Saturday 27 Mar 10
There have been some developments in the Facebook fiasco. Finally my impostor has been removed, and now there is a page that is really me, asking everyone to come to this official website. I feel rather ambivalent about the whole affair: the person who was pretending to be me wasn't being mean, he or she just took the posts from this blog and made out that I had put them on Facebook. However, he or she was misleading people into thinking it was actually me they were friending (don't you just hate that friend has become a verb?) and then people were leaving messages for me and sometimes, rather menacingly in my opinion, coming up to me in public places and telling me we were friends. I think the fact that nowadays it is perfectly acceptable to go up to a stranger somewhere and announce that you are friends with them and have been for some time is just awful, but more so, surely, when you're not on Facebook and have no desire to be, and, also, already have enough real friends.
So anyway, there we go. I don't like people pretending to be who they aren't, in any circumstance.
I am having a lovely day. I have decided to eat a lot of soup this weekend. Sometimes your body just tells you what to do, doesn't it? Anyway, mine craves soup, and luckily I have a freezer full of very spicy veg soup that I made. I like nothing better than making soup, and especially when I have a load of random things in the fridge that need to be used up. You could say that making soup is almost a sickness for me.
It's funny. At itsasickness.com, my obsession website, thus far you're only allowed to join five obsession groups (or sicknesses) at once. I have actually six right now because I have connections! But I realise that making soup could easily be another. I guess that our sicknesses and obsessions vary from time to time. I actually really hope that is true. Today, I am feeling less sick about Caledonian Macbrayne Ferries of Lena Zavaroni than I am about soup. The good thing though is that I have created those groups and even I leave them and join others they will carry on without me, and I can join back again at another time when, and if, my obsession pendulum swings back.
And so, itsasickness.com is a bit of metaphor for life! We can have obsessive feelings for things or people and just as quickly, when our circumstances or moods change, we can find ourselves not obsessed any more, and even surprised that we felt so strongly at all.
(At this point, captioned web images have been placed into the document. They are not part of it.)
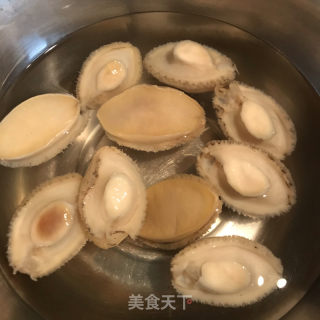 糖醋排骨炖鲍鱼的做法步骤：1
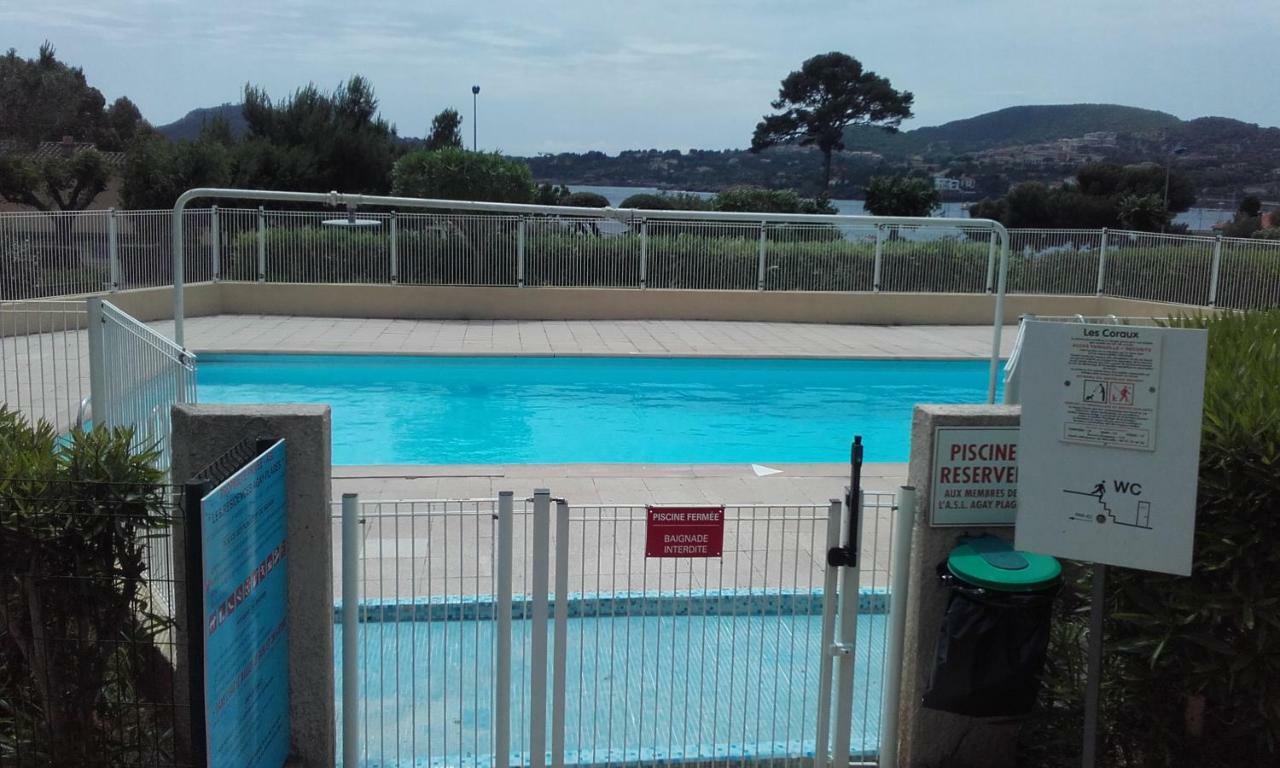 Appartement Vue Mer Piscines Parking Les Coraux Agay Plage Saint-Raphaël Buitenkant foto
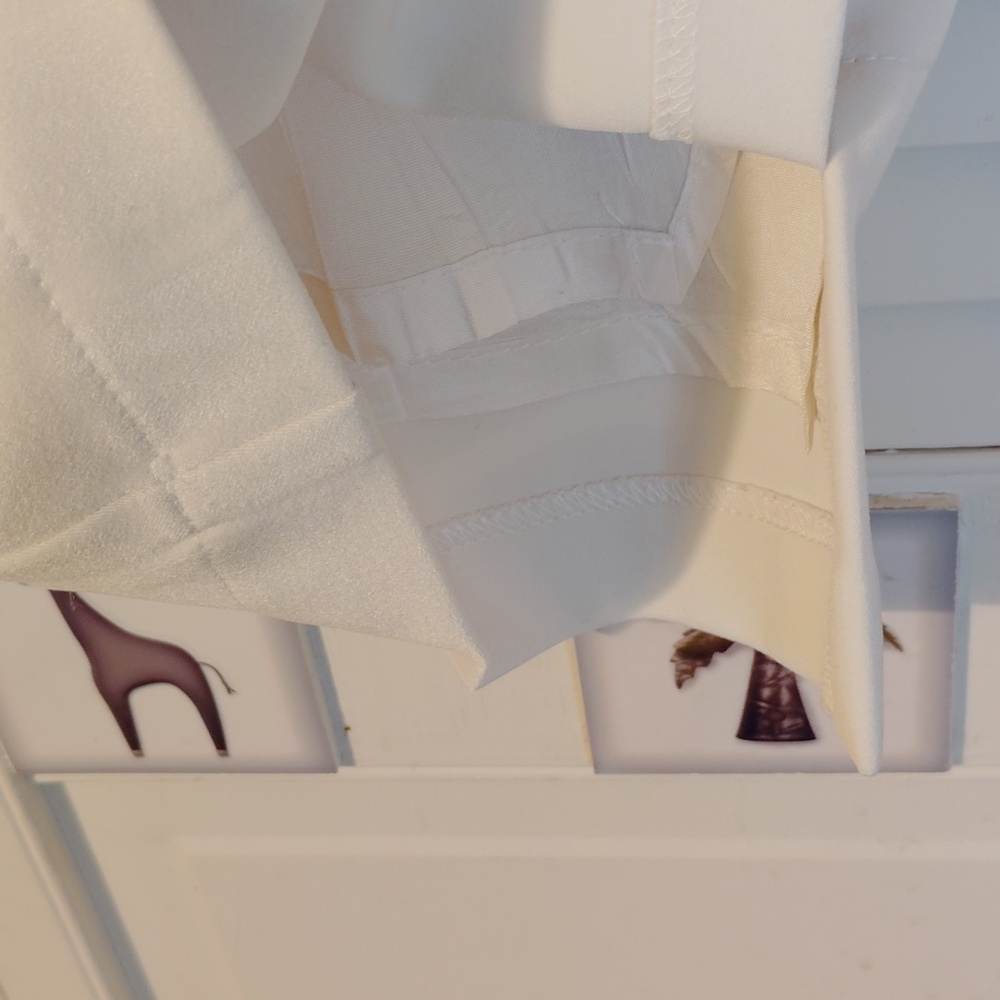 White House Black Market  Off-White Cropped Women's Pants - Picture 4 of 7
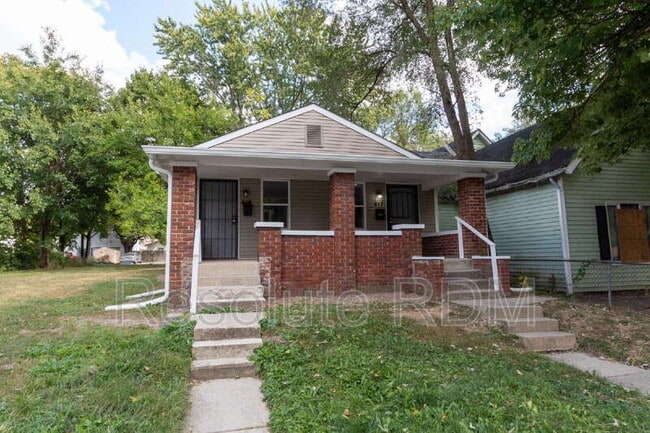 Building Photo - 419 N Beville Ave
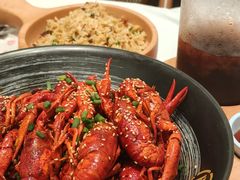 -肥肥虾庄·金牌油焖大虾(汉口城市广场店)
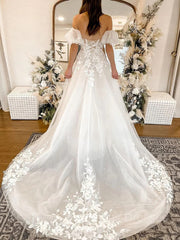 Wedding Dresses Outfits, A-Line/Princess Off-the-Shoulder Chapel Train Tulle Wedding Dresses With Appliques Lace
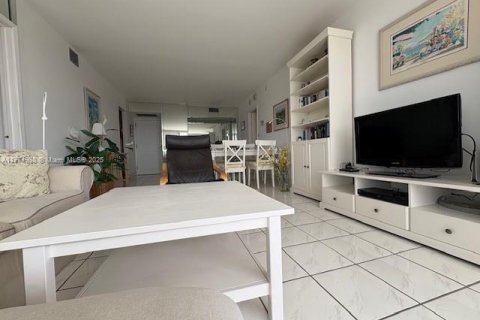 Condo in Aventura, Florida, 2 bedrooms  № 1998401 - photo 7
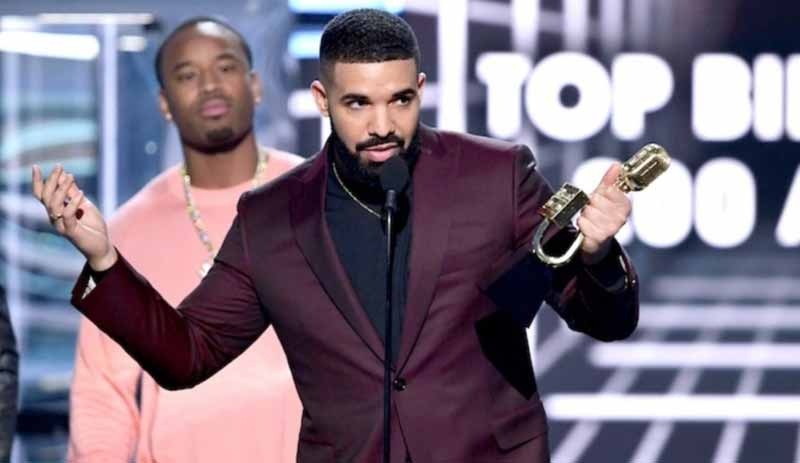 Drake, Taylor Swift'in rekorunu kırarak tarihe geçti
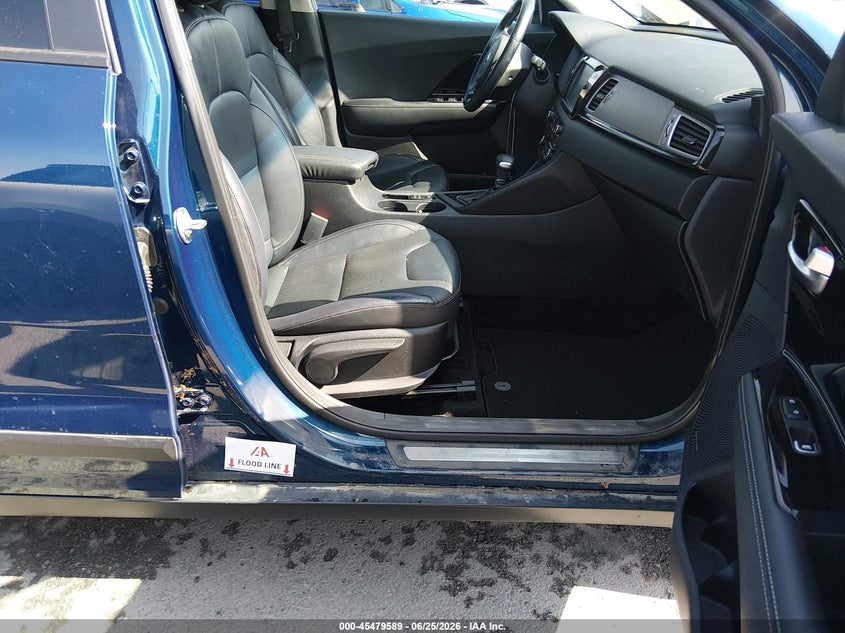 2019 Kia Niro VIN KNDCE3LC2K5233969 IAAI salvage auction — WATER/FLOOD, Salvage (Texas), sold $1,300 on 2026-07-23 (photo 6)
The reason I have these pictures from Monday night's gala at the Geffen in Los Angeles up today is because I am mourning the loss of my jacket. After the gala I ended up at a really fun bar downtown which had a night called Moustache Mondays! It was a hoot, but alas I took off my jacket and left it on a seat and went off to play. When we were leaving I couldn't find the jacket. This blue suit is quite special for me because it was actually the first ever suit I was given in America by a designer to wear for press purposes. And I really loved it as it was made of a type of synthetic material that made it possible to be rumpled up in a case one second and looking hot to trot the next. And it was blue and the trousers were drainpipey and I loved it. However, I have to say that sometimes we lose things for a reason. I often lose clothes in bars and clubs. I either forget where I put them or someone has taken them by accident or else they've been nicked. And whenever that happens, I think of all the wonderfully happy times I have spent in bars and clubs and treat the loss as a sacrifice to the Party Gods. So blue Hugo Boss jacket, wherever you may be, I hope you are continuing to bring joy. Also, I have to say that I hadn't worn the suit for years and when I wore it on Monday I felt that the jacket was not working quite as well as the pants, and either it had stretched or I am a little slighter than I was 13 years ago, but I just felt it wasn't as fabulous as I remember!! And so it was apparent that I did not need it and the universe took it from me! Perfect!
Finally, two things referring back to previous posts this week: I look at the picture of me sitting in the row on Monday and realise that with my wide leg stance it was a miracle Clint eastwod wasn't pushed off the stage let alone rubbed knees with me; and secondly I found out what the beautiful, quadruple-onion shaped building in Greenpoint is that I can see from my Good Wife dressing room: it's a sewage treatment plant, naturally.